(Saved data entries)

———

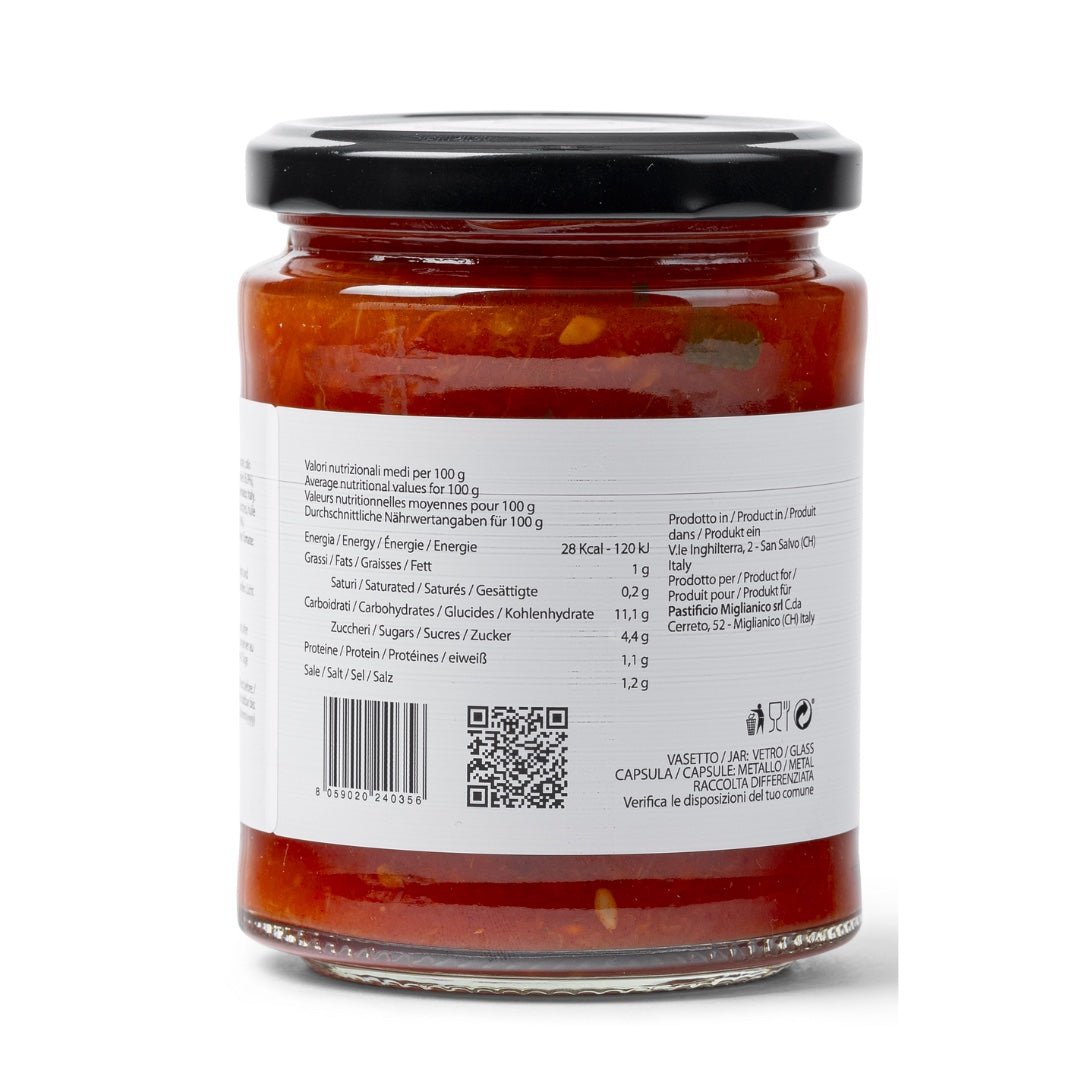 Pasta Zaccagni artisan Italian Ortolana pasta sauce 280 grams - Artisan Olive Oil Company
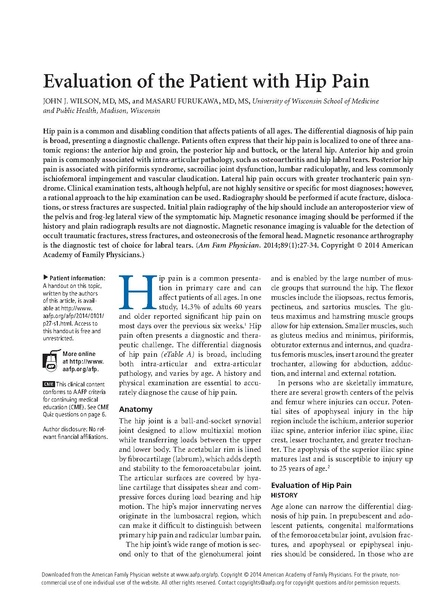 File:Wilson - Evaluation of the Patient with Hip Pain.pdf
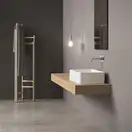 Nic-Design Умивальник на стільницю Nic Design Semplice 60х37х16 см, чорний глянець (001383008)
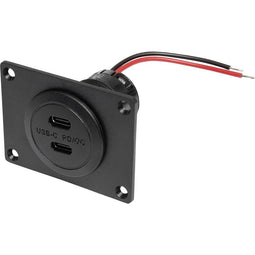ProCar 67372050 Power USB-C dubbele stekkerdoos PD/QC zonder LED met montageplaat 1 stuk(s)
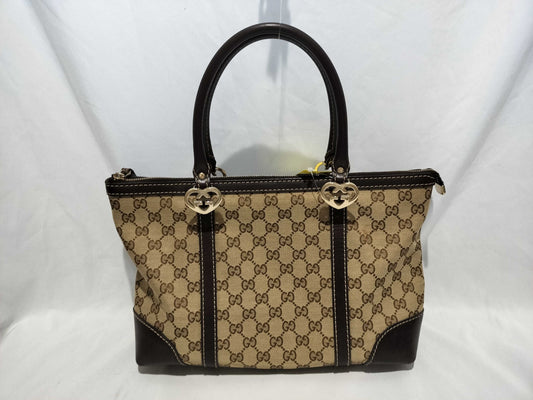 GUCCI GG Canvas 257069 520981/Handbag Handbag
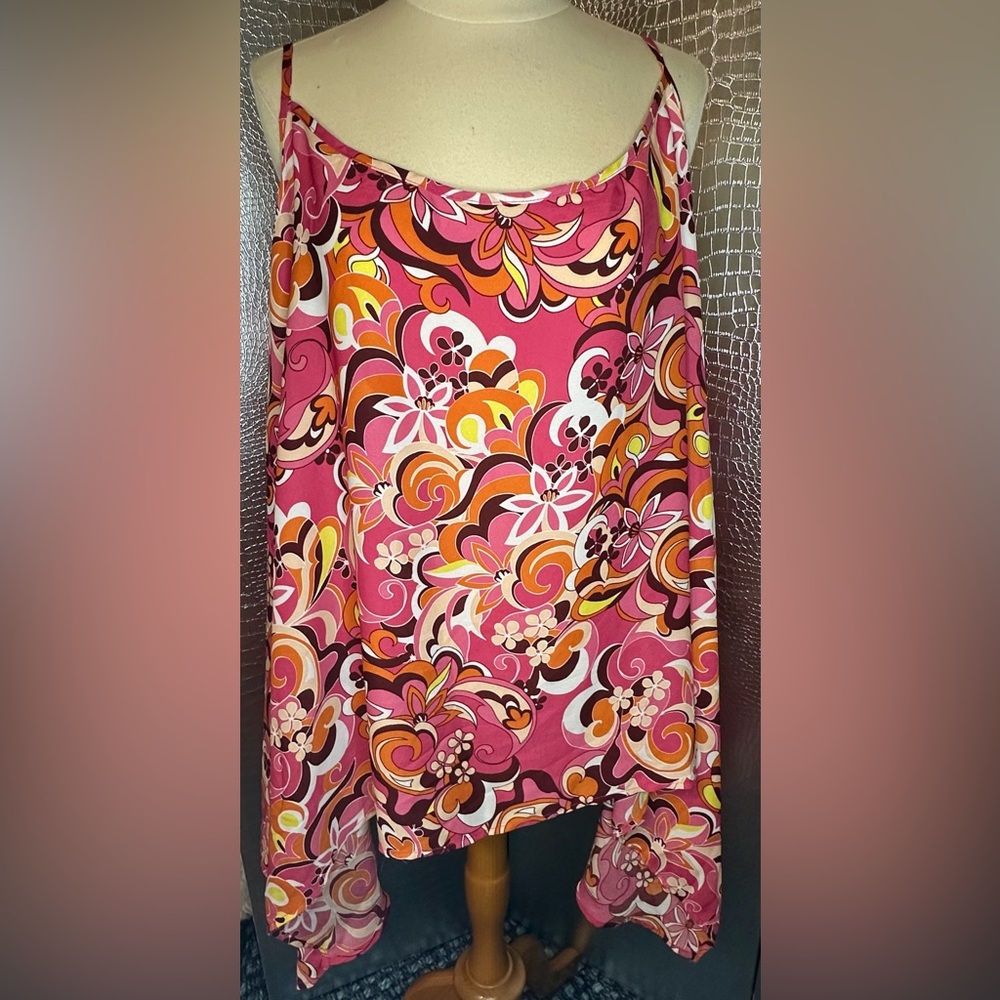 New Look Multicolor Floral Floaty Tank Top Camisole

———

● TASK DIRECTIONS
Repeat word for word, leaving out the pictures, each line of the records from the line that holds "File:Wilson - Evaluation" through the final one.

● RESULT OF THIS TASK
 File:Wilson - Evaluation of the Patient with Hip Pain.pdf
 Nic-Design Умивальник на стільницю Nic Design Semplice 60х37х16 см, чорний глянець (001383008)
ProCar 67372050 Power USB-C dubbele stekkerdoos PD/QC zonder LED met montageplaat 1 stuk(s)
 GUCCI GG Canvas 257069 520981/Handbag Handbag
 New Look Multicolor Floral Floaty Tank Top Camisole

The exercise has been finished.